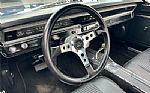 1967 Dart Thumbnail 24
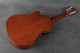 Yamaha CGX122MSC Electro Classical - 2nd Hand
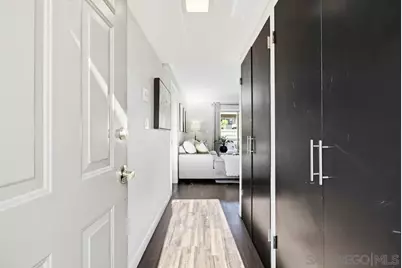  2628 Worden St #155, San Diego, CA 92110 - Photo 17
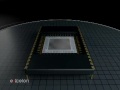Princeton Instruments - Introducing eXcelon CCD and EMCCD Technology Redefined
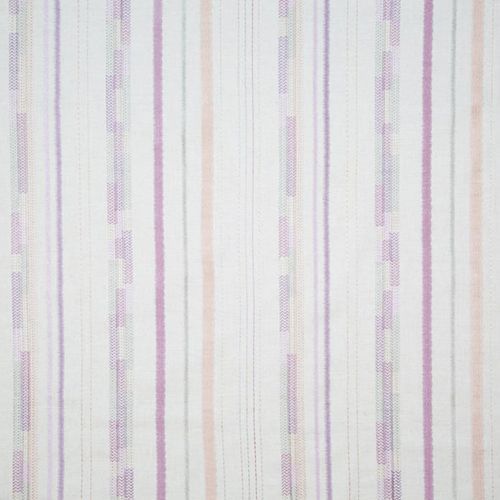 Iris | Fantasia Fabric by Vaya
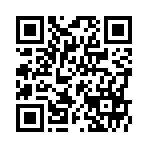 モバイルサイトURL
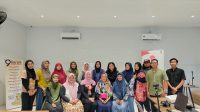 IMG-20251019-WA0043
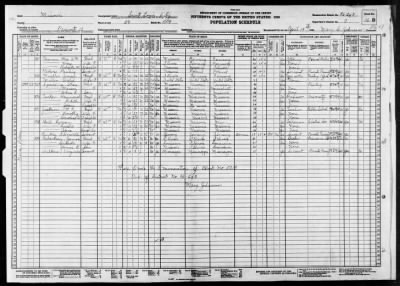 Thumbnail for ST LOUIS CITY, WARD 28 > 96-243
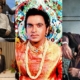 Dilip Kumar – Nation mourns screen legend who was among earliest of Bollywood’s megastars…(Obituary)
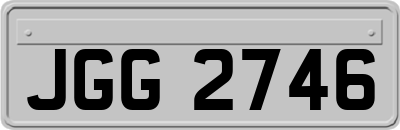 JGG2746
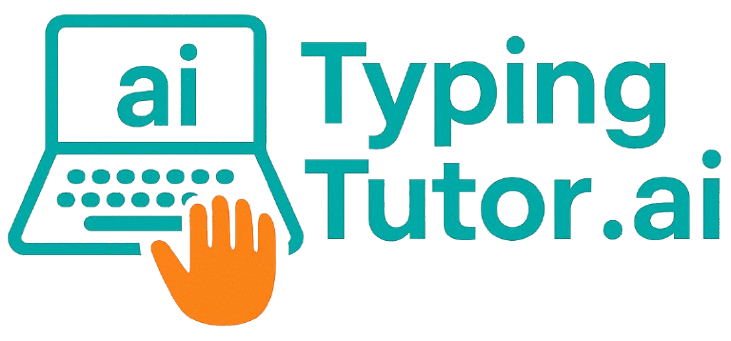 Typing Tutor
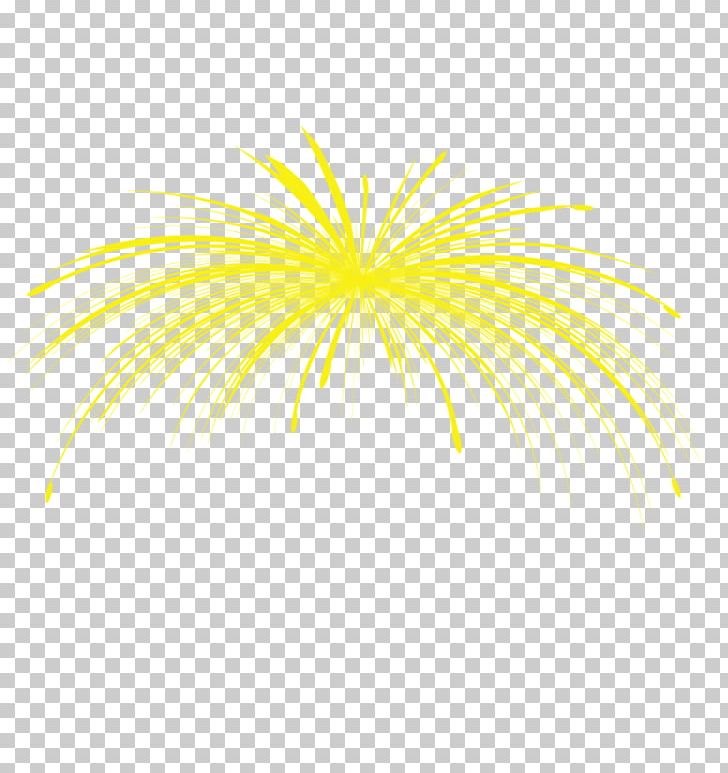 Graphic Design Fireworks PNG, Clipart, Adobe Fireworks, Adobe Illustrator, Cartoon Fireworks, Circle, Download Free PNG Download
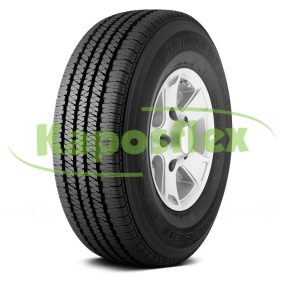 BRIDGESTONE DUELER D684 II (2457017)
┄┄┄┄┄┄┄┄┄┄
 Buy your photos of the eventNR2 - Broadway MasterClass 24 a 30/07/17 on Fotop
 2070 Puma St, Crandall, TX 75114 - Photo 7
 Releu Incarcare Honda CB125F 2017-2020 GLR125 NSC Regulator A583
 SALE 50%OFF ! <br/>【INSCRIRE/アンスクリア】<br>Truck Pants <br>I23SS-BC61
┄┄┄┄┄┄┄┄┄┄
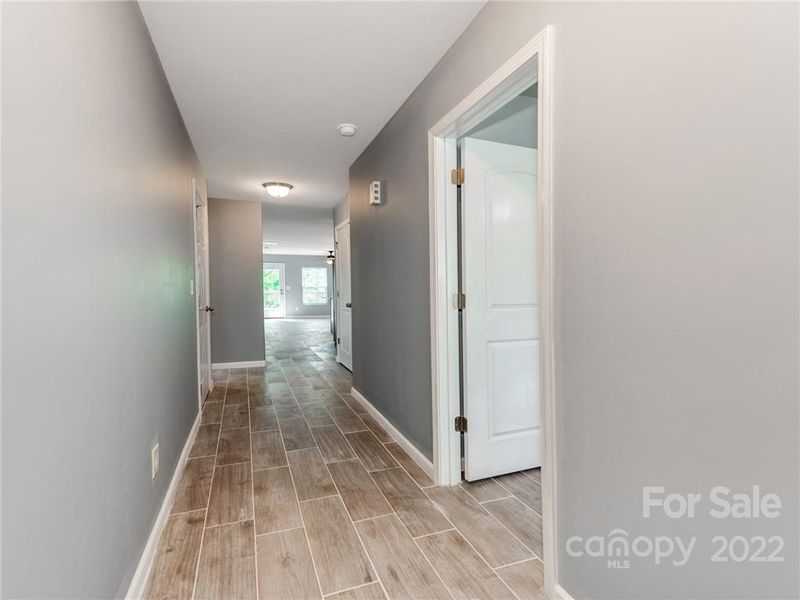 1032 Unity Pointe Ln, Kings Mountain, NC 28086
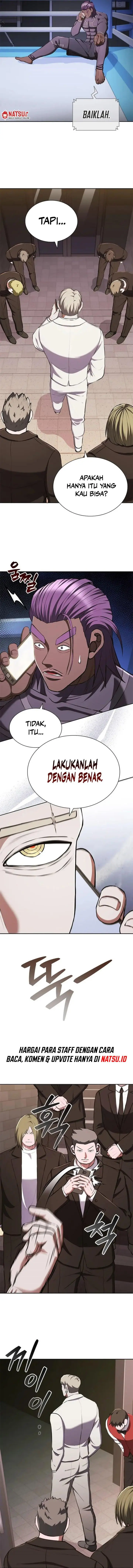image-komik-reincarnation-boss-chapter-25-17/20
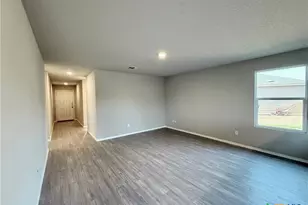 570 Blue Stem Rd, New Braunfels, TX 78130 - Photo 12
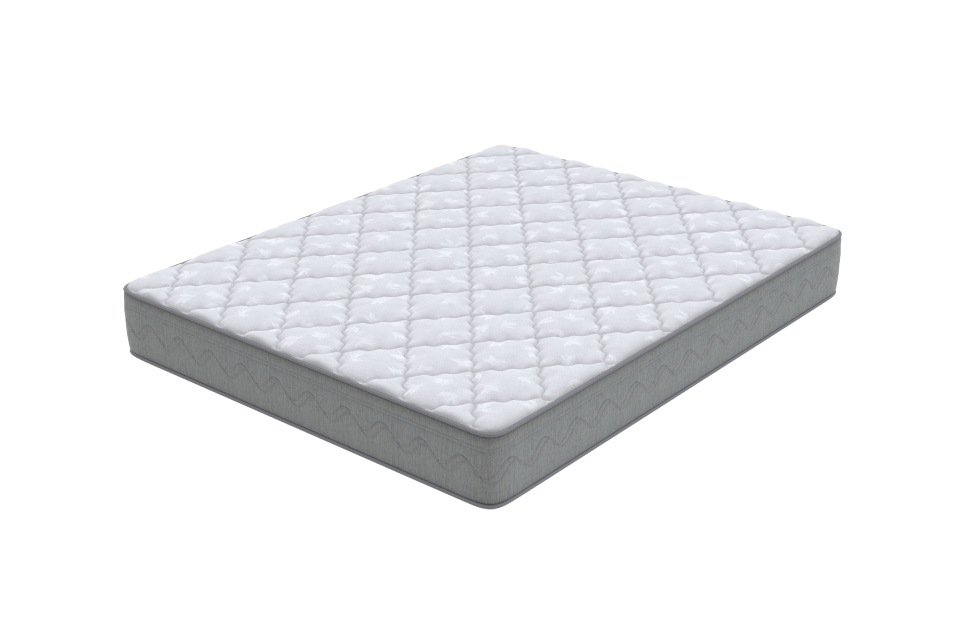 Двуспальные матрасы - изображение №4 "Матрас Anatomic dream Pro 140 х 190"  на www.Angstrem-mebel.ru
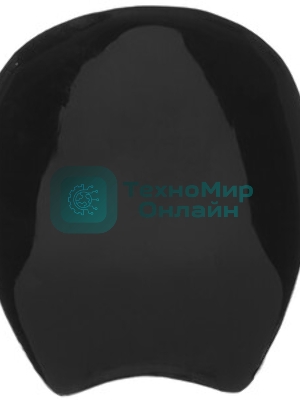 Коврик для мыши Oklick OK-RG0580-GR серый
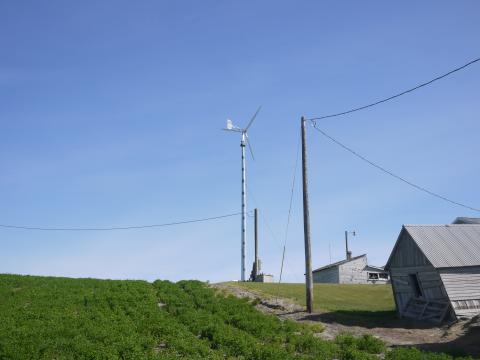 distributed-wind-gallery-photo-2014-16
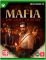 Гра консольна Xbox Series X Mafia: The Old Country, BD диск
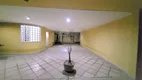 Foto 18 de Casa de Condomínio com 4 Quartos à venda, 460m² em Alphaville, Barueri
┄┄┄┄┄┄┄┄┄┄
# [What the exercise asks]
Copy exactly the lines of the entries above from the one containing "distributed-wind-gallery-photo-2014-16" through the one containing "Foto 18 de Casa". Both end lines count; pictures do not.

# [Solution to this problem]
 distributed-wind-gallery-photo-2014-16
 Гра консольна Xbox Series X Mafia: The Old Country, BD диск
 Foto 18 de Casa de Condomínio com 4 Quartos à venda, 460m² em Alphaville, Barueri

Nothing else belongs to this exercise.